[Start of Attachment]

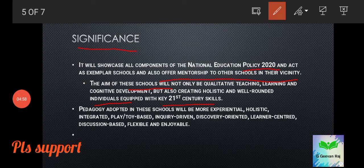The method adopted in these schools will be more experimental, holistic, integrated, play-based, inquiry-driven, discovery-oriented, learner-centered, discussion-based, flexible and enjoyable. These schools will not adopt traditional teaching methods — new approaches will awaken scientific talents in children and support their overall development.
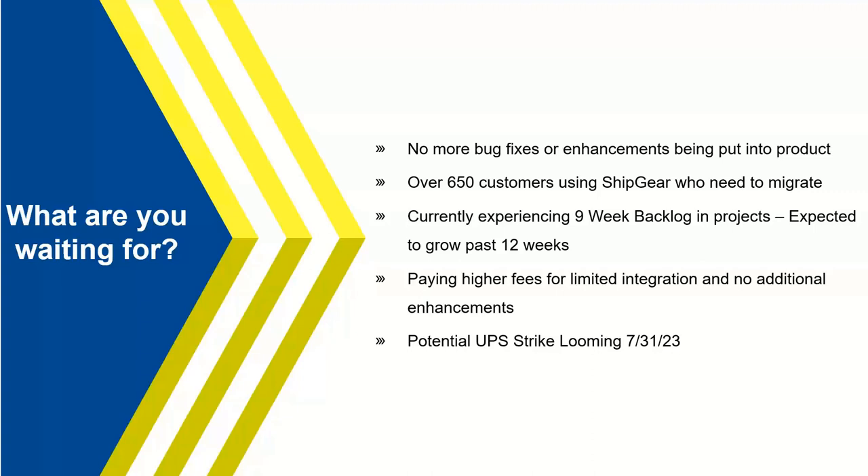You're paying higher prices currently with ShipGear for really limited integration and no additional enhancements. Some of you may see that Starship pricing is actually less than what you're paying today, which is an opportunity to save money. Others may see it as slightly more, but you're going to get many more features and enhancements. Also, for those using UPS today, there is a potential UPS strike looming. Many customers have been calling about adding other carriers to their license. Using a multi-carrier solution like Starship gives you the opportunity of having multiple carriers beyond just UPS, unlike ShipGear today.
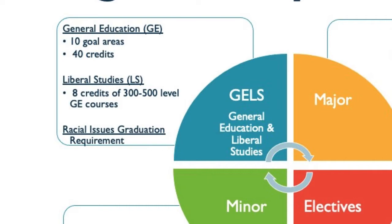In addition to GELS, we have a unique racial issues graduation requirement. This one-course requirement demonstrates our commitment to fostering an anti-racist learning environment at Metro State and can often overlap with a remaining goal area you may still need. It is likely you have completed several of the general education goal areas as part of your associate's degree; however, we find it fairly common that nursing students need at least one to two GELS courses to fulfill the remaining bachelor's degree requirements.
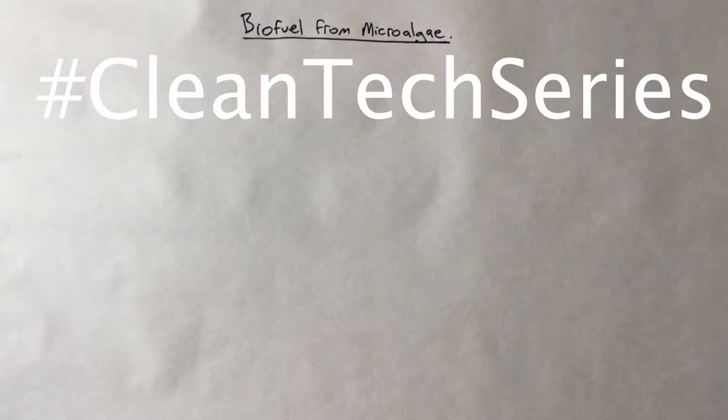Hi folks, it's David Kearns here with another With A Sharpie video. Welcome back. I've been on hiatus for the last month or so with the Christmas break, so glad to be back into it. Today I wanted to talk to you about a topic as part of my Cleantech series, which I kicked off late last year.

[End of Attachment]

:: Work item ::
Reproduce the data above without a single change, please, but without its pictures.

:: Your response ::
The method adopted in these schools will be more experimental, holistic, integrated, play-based, inquiry-driven, discovery-oriented, learner-centered, discussion-based, flexible and enjoyable. These schools will not adopt traditional teaching methods — new approaches will awaken scientific talents in children and support their overall development.
You're paying higher prices currently with ShipGear for really limited integration and no additional enhancements. Some of you may see that Starship pricing is actually less than what you're paying today, which is an opportunity to save money. Others may see it as slightly more, but you're going to get many more features and enhancements. Also, for those using UPS today, there is a potential UPS strike looming. Many customers have been calling about adding other carriers to their license. Using a multi-carrier solution like Starship gives you the opportunity of having multiple carriers beyond just UPS, unlike ShipGear today.
In addition to GELS, we have a unique racial issues graduation requirement. This one-course requirement demonstrates our commitment to fostering an anti-racist learning environment at Metro State and can often overlap with a remaining goal area you may still need. It is likely you have completed several of the general education goal areas as part of your associate's degree; however, we find it fairly common that nursing students need at least one to two GELS courses to fulfill the remaining bachelor's degree requirements.
Hi folks, it's David Kearns here with another With A Sharpie video. Welcome back. I've been on hiatus for the last month or so with the Christmas break, so glad to be back into it. Today I wanted to talk to you about a topic as part of my Cleantech series, which I kicked off late last year.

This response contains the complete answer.